● Problem details
Return exactly the lines of the data below, from the one that contains "Beliën / Teixeira" through the final line, and leave out every picture.

● Task data

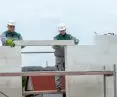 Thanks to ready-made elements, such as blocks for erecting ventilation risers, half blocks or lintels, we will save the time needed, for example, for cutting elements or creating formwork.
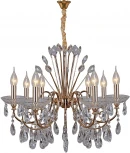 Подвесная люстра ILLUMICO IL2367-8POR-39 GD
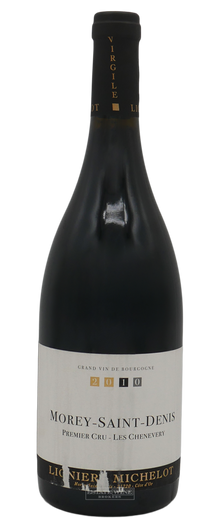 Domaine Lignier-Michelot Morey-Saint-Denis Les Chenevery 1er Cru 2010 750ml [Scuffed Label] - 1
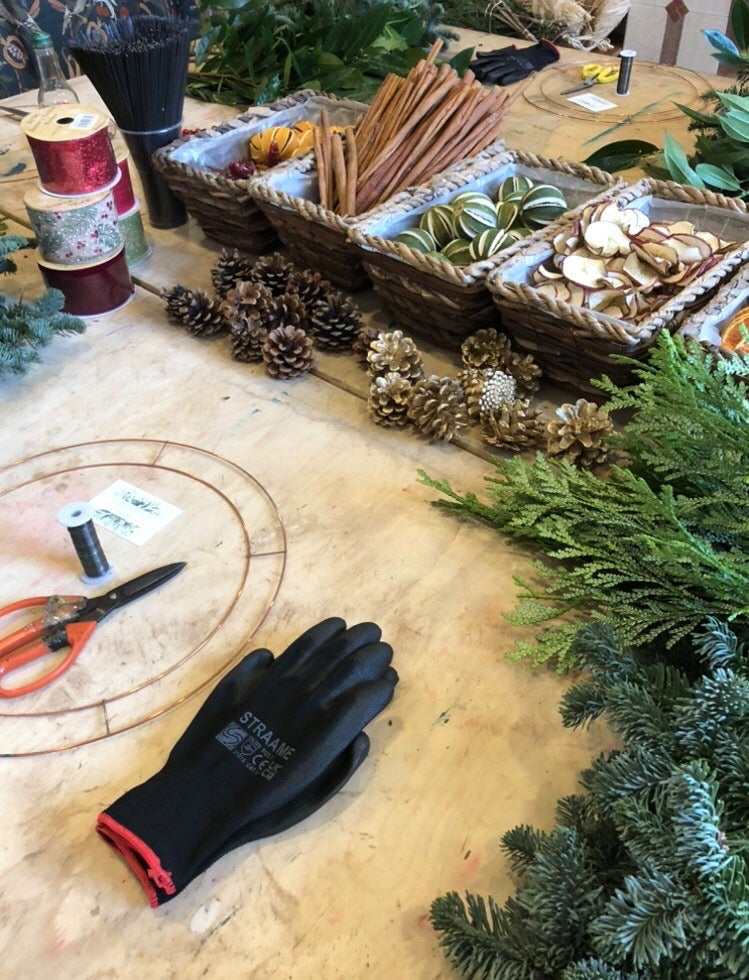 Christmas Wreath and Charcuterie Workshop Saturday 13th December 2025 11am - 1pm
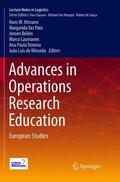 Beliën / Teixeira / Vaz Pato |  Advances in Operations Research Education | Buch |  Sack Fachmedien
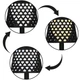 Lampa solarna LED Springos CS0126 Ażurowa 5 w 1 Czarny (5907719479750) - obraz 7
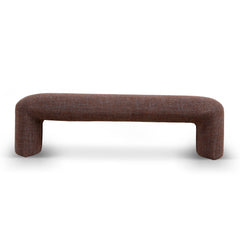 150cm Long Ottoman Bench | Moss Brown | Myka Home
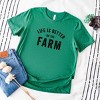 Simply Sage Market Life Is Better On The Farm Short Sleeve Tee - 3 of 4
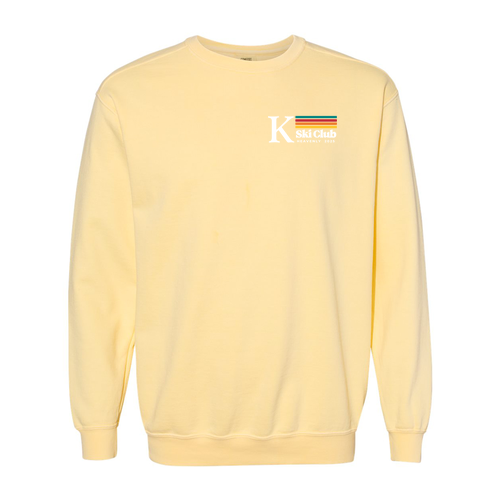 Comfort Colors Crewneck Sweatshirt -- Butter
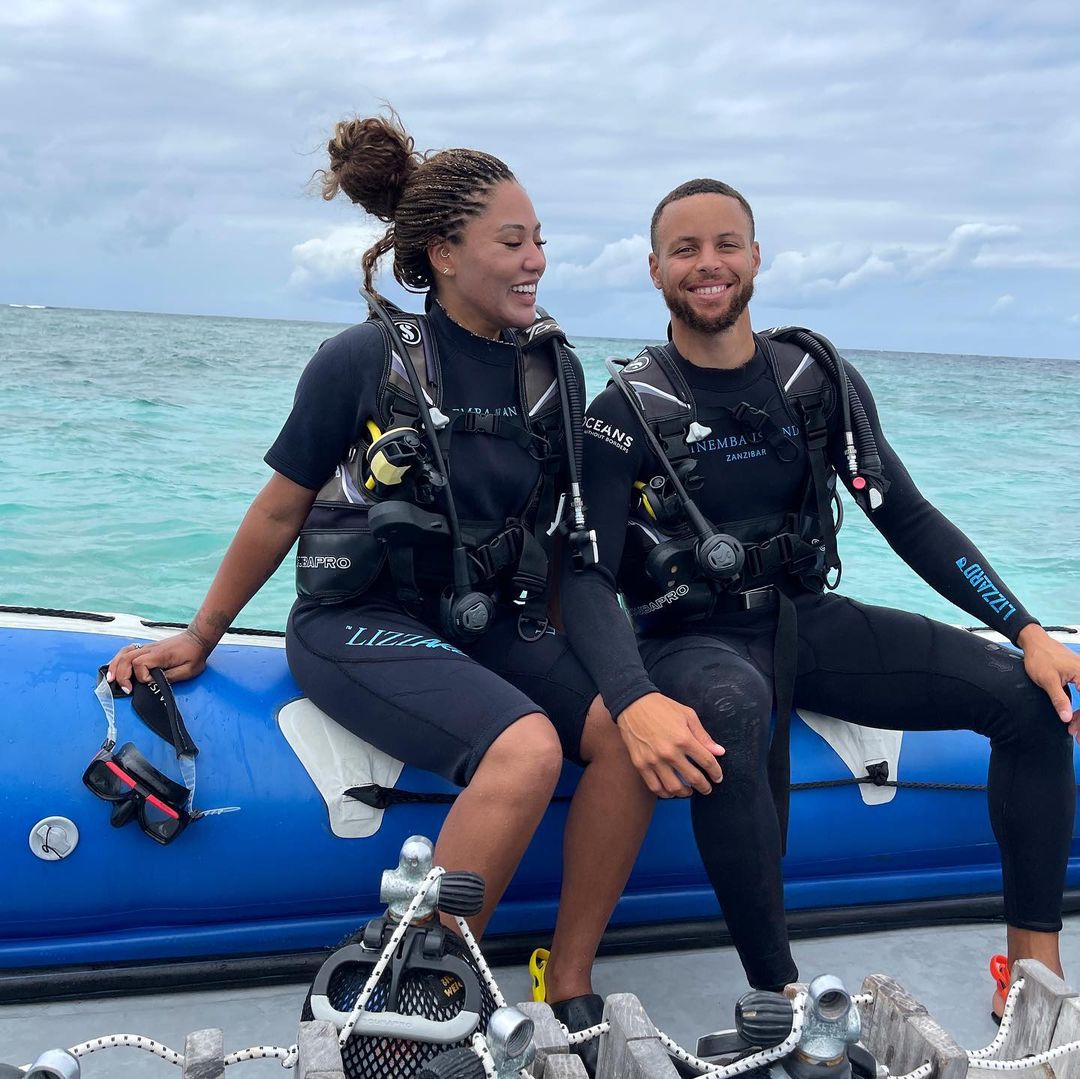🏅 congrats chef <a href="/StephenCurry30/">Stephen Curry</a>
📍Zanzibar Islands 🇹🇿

● Task answer
 Beliën / Teixeira / Vaz Pato |  Advances in Operations Research Education | Buch |  Sack Fachmedien
 Lampa solarna LED Springos CS0126 Ażurowa 5 w 1 Czarny (5907719479750) - obraz 7
 150cm Long Ottoman Bench | Moss Brown | Myka Home
 Simply Sage Market Life Is Better On The Farm Short Sleeve Tee - 3 of 4
 Comfort Colors Crewneck Sweatshirt -- Butter
🏅 congrats chef <a href="/StephenCurry30/">Stephen Curry</a>
📍Zanzibar Islands 🇹🇿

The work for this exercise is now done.